The two women began working with Bay Area Jewish Healing Center, Jewish Family and Children's Services, and other professionals who worked with fertility and pregnancy loss in the Jewish community of the San Francisco Bay Area. Together, they approached a local Jewish cemetery, Sinai Memorial Chapel. They hoped to purchase some land at the cemetery for their project. The Board of the funeral home instead voted unanimously to provide the cemetery space for the garden at no cost.

The organizers ran focus groups, both of people who had personally experienced losses and of rabbis from different streams of observance. Spiritual leaders from many denominations of Judaism signed on to bring the project to fruition, including rabbis from the Reform, Conservative, and Orthodox movements.

The $1.2 million project was supported by donors from across the Jewish community. The Jewish Community Federation of San Francisco oversaw a fund to which the Jewish community could donate in support of the project, and the Taube Foundation for Jewish Life & Culture provided two matching grants. Jewish Family and Children’s Services (JFCS) of San Francisco, the Peninsula, Marin & Sonoma Counties was a leading organizational partner and funder of the project, and the Koret Foundation contributed a significant grant toward the garden’s development.

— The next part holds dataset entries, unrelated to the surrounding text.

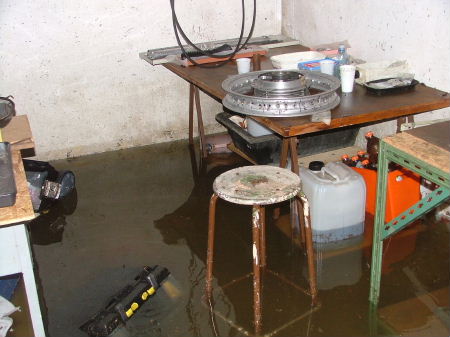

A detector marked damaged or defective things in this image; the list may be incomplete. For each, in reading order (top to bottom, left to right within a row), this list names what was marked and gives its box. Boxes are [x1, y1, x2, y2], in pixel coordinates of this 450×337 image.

rusty stool leg [298, 193, 318, 304]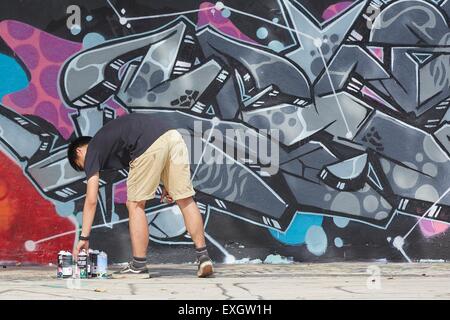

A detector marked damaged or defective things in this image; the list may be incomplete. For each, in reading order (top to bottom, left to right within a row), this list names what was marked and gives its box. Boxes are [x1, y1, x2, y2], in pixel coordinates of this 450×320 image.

cracked pavement [0, 262, 450, 300]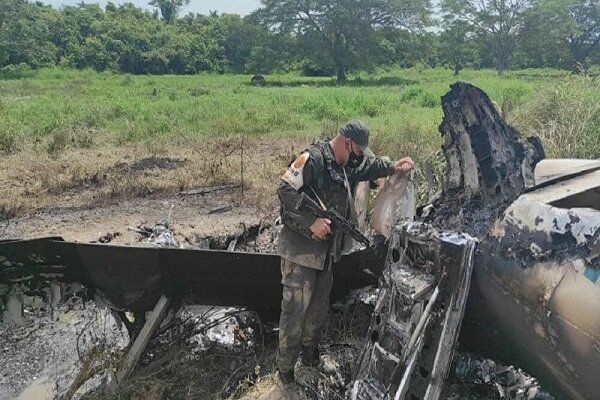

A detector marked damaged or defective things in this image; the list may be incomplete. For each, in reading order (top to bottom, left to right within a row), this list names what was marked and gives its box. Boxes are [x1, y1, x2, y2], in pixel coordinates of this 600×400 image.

charred metal debris [2, 82, 596, 400]
burned aircraft wreckage [1, 83, 600, 398]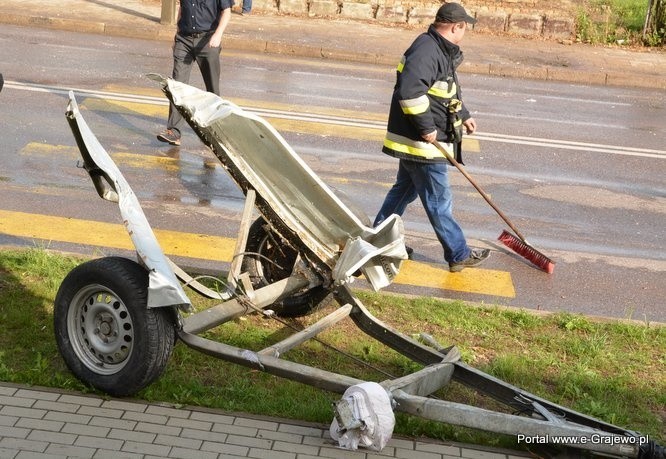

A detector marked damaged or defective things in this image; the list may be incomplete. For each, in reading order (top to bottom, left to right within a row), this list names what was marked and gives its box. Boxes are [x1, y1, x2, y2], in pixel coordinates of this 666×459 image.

detached wheel [53, 256, 175, 398]
torn metal panel [65, 91, 191, 310]
torn metal panel [155, 75, 404, 292]
detached wheel [241, 218, 330, 318]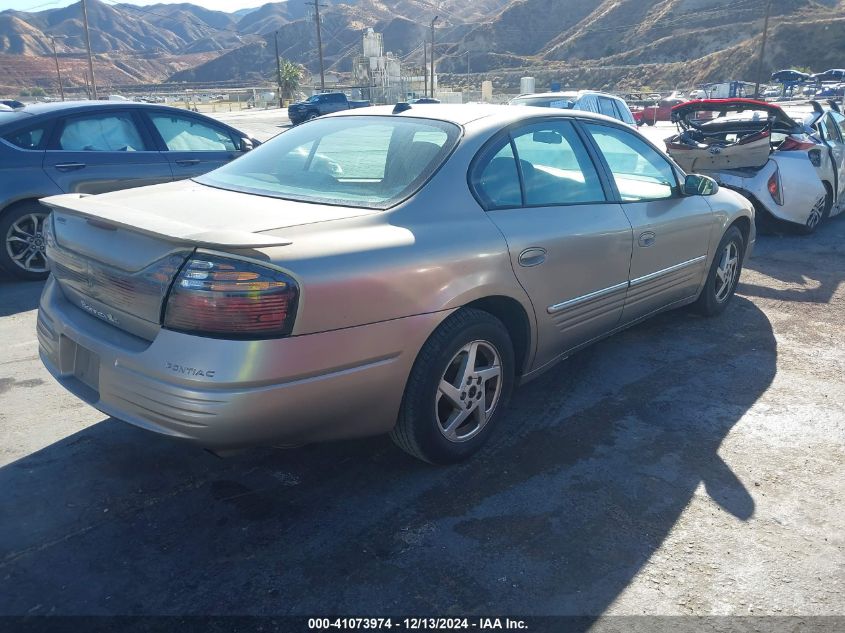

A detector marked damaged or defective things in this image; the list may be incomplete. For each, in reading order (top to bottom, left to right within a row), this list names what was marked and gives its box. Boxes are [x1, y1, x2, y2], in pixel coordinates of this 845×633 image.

damaged white car [664, 100, 840, 233]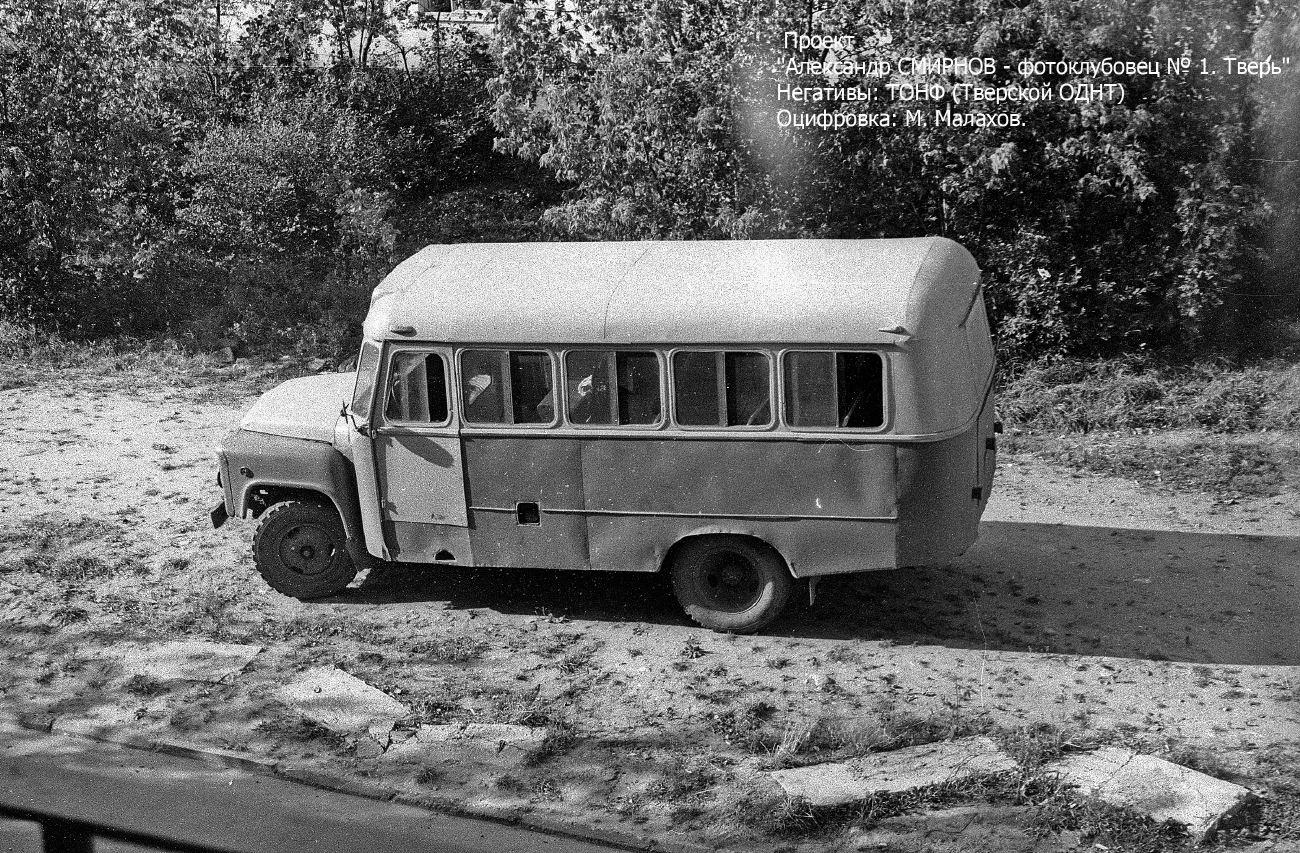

While Porth and Findling originally aimed to be completed in 2016, the project was stalled by some legal matters including right-of-way for the Bay Area Rapid Transit subway system and the need to move some electrical utility infrastructure. Then, the COVID-19 pandemic delayed its official opening. The Memory Garden was dedicated November 13, 2022, with participation from across the local Jewish community, including speeches from rabbis representing the Orthodox and Reform movements.

== Design ==
The Memory Garden inhabits an open space adjoining the children's section of the cemetery. In order to align with halakhah and traditional practice, the garden is a place of commemoration, but does not hold any graves or markers. Designed by San Francisco landscape architecture firm MPA Design, the space is surrounded by a grove of redwood trees, and features plants native to California. In the center is a circular path around a ring of flowing water, 55 feet in diameter, that is lined with stones. Within the water feature is a round grassy area. The outer edge of the circle is engraved with the months of the year in both English and Hebrew. This circular center space symbolizes a womb and recalls the cyclical nature of Jewish tradition. The water feature is lined with loose stones which visitors can remove and place on any month of the year that they wish to commemorate, analogous to the Jewish tradition of leaving visitation stones on grave markers to demonstrate mourning and bereavement.

== Programs in the community ==
Beyond the physical Memory Garden itself, the Bay Area Healing Center and Jewish Family and Children's Services of San Francisco, the Peninsula, Marin & Sonoma Counties have developed a range of services and educational materials related to infertility and fertility loss.